Thursday, November 17, 2011

Contributing to Open Source

I've been working on various open source projects since around 1993. Long before I even really thought of it as open source. It just seemed natural to me to make the fixes I needed and contribute them back. It was always a bit of a challenge to figure out how to get my fixes to the developers. Obviously, they don't know me, so they aren't going to just let me write the files directly. So, I end up sending patches via email or some other means.

Over the years, the process for contributing to projects has gotten easier. Even more recently, it has grown by leaps and bounds thanks to Github.

Case in point. I've been using the twitter bootstrap project for parts of the design of my new company Voost. I like the project a lot. Like millions of other projects, it is hosted on github.

Yesterday, I noticed a small bit of documentation was missing, so I forked the project by clicking a button on the website, created a branch to work on (git checkout -b docadditions), edited the documentation, committed and published my changes and then created a pull request which tells the developers of bootstrap that I have something to contribute:

https://github.com/twitter/bootstrap/pull/647

Mark, one of the developers, who I've never met in my life, was able to take my contributions and combine them with his code by simply clicking a button on the website. Yes, it was that easy.

I also had an enhancement request... so I created an issue...

https://github.com/twitter/bootstrap/issues/646

It was resolved in a few hours with just a small bit of effort. I can then merge his changes into my local fork of the project with a couple easy commands. We stay in perfect sync together.

Bam. That is how collaborative development should work.

As a comparison, in the past, I've done a huge amount of work for the Apache Software Foundation. They have a great open source license, and a huge following. But, they don't use github.

With the ASF, it feels like 1993 again. For each project I want to contribute to, it feels like I'm making a lifetime commitment to that project.

I have to go to the project website and navigate around to figure out how to join a mailing list.
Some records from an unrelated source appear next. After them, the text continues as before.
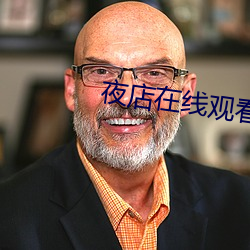 金年会(中国)官方网站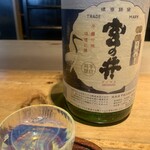 魚料理 あぎやお - 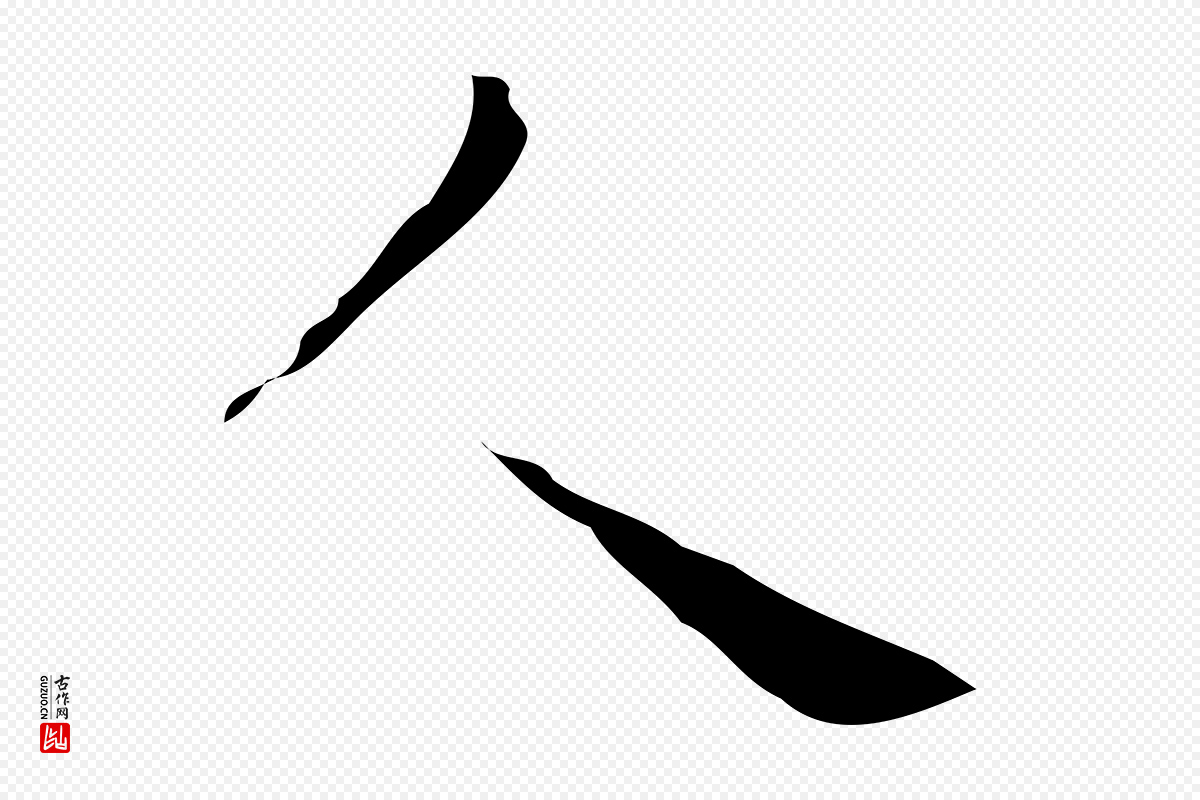 明代祝允明《刘基诗》中的“人”字书法矢量图下载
This takes several contextual steps in an email client. I need make sure to setup a mail filter to deal with a potentially insane amount of email that I really don't care about. Then, I email a patch to the list (or put it up on gist / pastebin)... and I hope maybe one of the developers might be watching my carefully crafted subject line. Chances are that nobody would respond or the email would get lost, so I'd have to keep nagging people because everyone is busy...

I don't really contribute to the ASF nearly as much anymore.

13 comments:

Karl Fogel said...

Totally agree about ease-of-contribution being key. Projects that impose unnecessary overhead on contributors, especially on drive-by contributors, are going to have worse survival characteristics in the long term than projects that use good infrastructure.
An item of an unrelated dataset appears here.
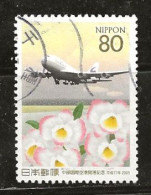 Japon 2005 N° Y&T : 3626 Obl. - Used Stamps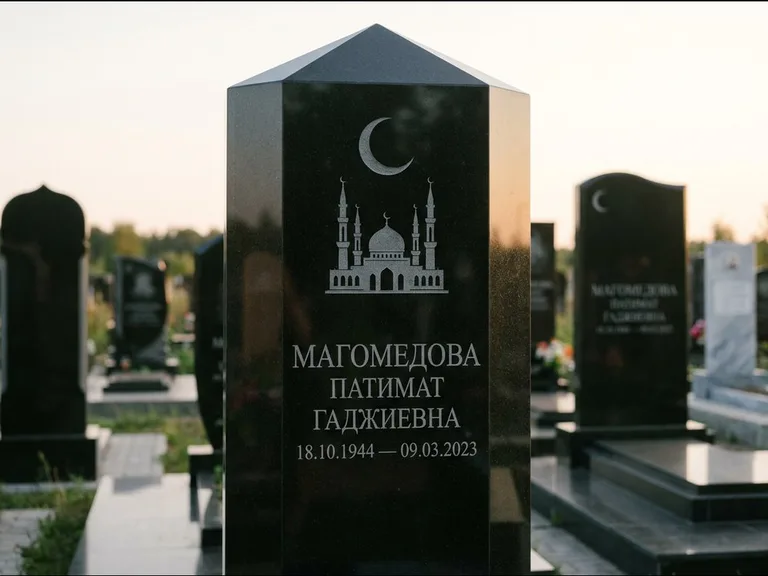 Мусульманский памятник: гранёный восьмиугольный обелиск — гравировка купола мечети с полумесяцем, мусульманский сектор, вечернее освещение, работа «Магомедова» в Рязани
While GitHub has done a great job, this ease isn't unique to GitHub, though. Gitorious, for example, is exactly as easy and in the same way.

(I suppose there still a positive feedback argument: that most developers are already likely to have an account on GitHub, so if all the projects they contribute to are there too, then there's no extra one-time registration overhead. But in practice I've found it easy to register on the small number of sites needed to be able to contribute anywhere -- e.g., https://gitorious.org/statusnet/mainline/merge_requests/168. It's just not a blocker.)

It's kind of analogous to people who think they're Git zealots when really they're distributed version-control zealots who happen to have only tried Git (but not, say, Mercurial). What's great about GitHub is what it does, not the fact that it's GitHub per se.

I actually mildly prefer Gitorious just on the grounds that their system is entirely available as open source, so I know that no matter what happens to them as a hosting platform, I can preserve all the project structure if needed and move somewhere else. This isn't a strong preference, though, because GitHub's APIs -- including git itself, obviously, but also things like the issue tracker API -- make it pretty easy to keep a running local backup and move one's data elsewhere if needed, at not too high a cost. The "freedom penalty" is pretty minimal, even though GitHub itself isn't, alas, free software.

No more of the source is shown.